Polish vocalist and songwriter

Olga Aleksandra Sipowicz (née Ostrowska; 8 June 1951 – 28 July 2018), also known by the mononym of Kora, was a Polish rock vocalist and songwriter. She was the lead singer of the rock band Maanam from 1976 to 2008. Jackowska also provided the voice of Edna Mode in the Polish dubs of both Incredibles films.

In 1971, Jackowska married rock musician Marek Jackowski, with whom she later founded the band Maanam. They divorced in 1984, and she gained custody of their children. In 2013, Jackowska married Kamil Sipowicz, writer, poet, and artist.

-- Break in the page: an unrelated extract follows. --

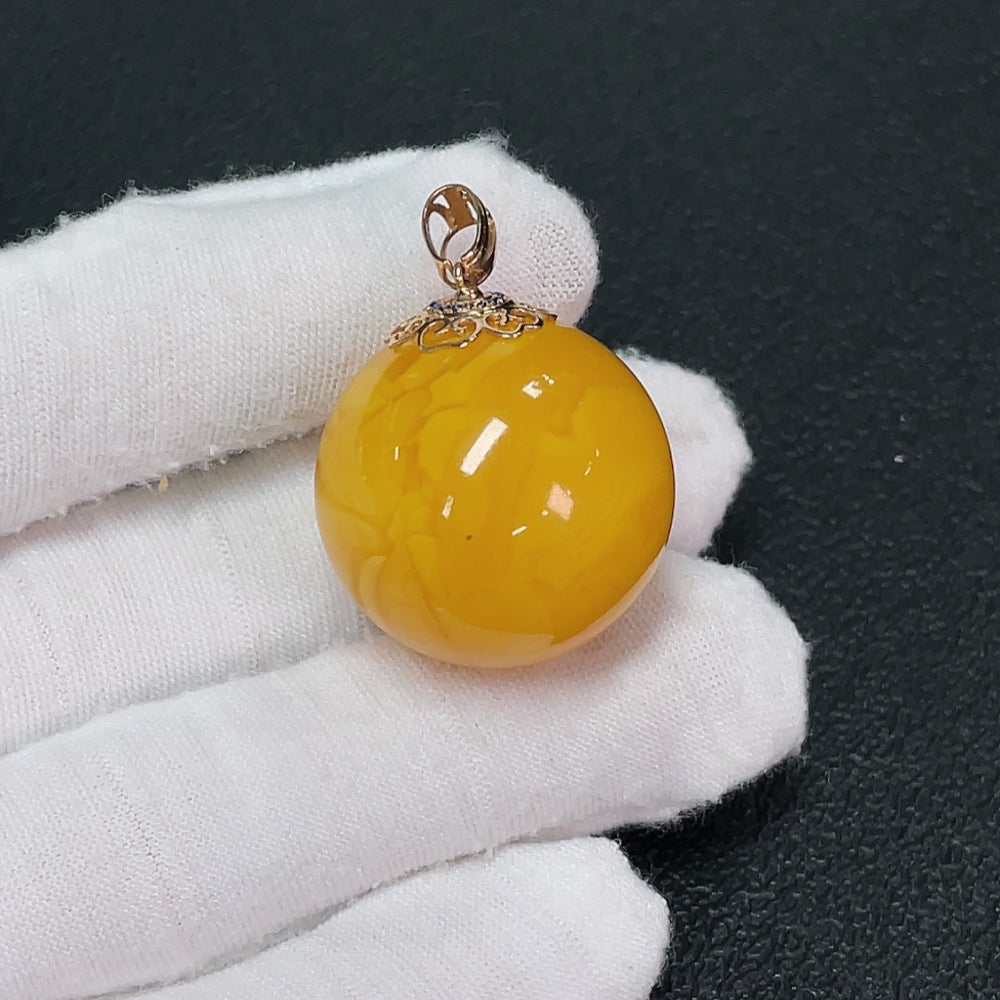 18K Amber Beeswax Pendant, Total Weight Approx. 10.09g, Size About 25mm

Jackowska was diagnosed with ovarian cancer in 2013, and she died from the disease on 28 July 2018, aged 67.

== Discography ==

| Year | Title | Peak chart positions | Certifications (sales thresholds) |
POL
| 1993 | Ja pana w podróż zabiorę Date: 1993; Label: Kamiling Co; | — |  |
| 2001 | Złota Kolekcja. Magiczne słowo – sukces Date: 20 July 2001; Label: Pomaton EMI; | — |  |
| 2003 | Kora Ola Ola! Date: 17 February 2003; Label: Polskie Radio/Kamiling Co/BMG Poland; | 1 |  |
| 2008 | Metamorfozy (with 5th Element) Date: 26 September 2008; Label: Kamiling Co/Universal Music Polska; | 19 |  |
| 2011 | Ping Pong Date: 10 November 2011; Label: Kamiling Co/EMI Music Poland; | 16 | POL: Gold; |
| 2012 | Ping Pong − Małe wolności Date: 27 November 2012; Label: Kamiling Co/EMI Music Poland; | — | ; |
"—" denotes a recording that did not chart.

== Book about Kora ==
In 2023 Znak published a biographical book about Kora, Kora. Się żyje by Katarzyna Kubisiowska.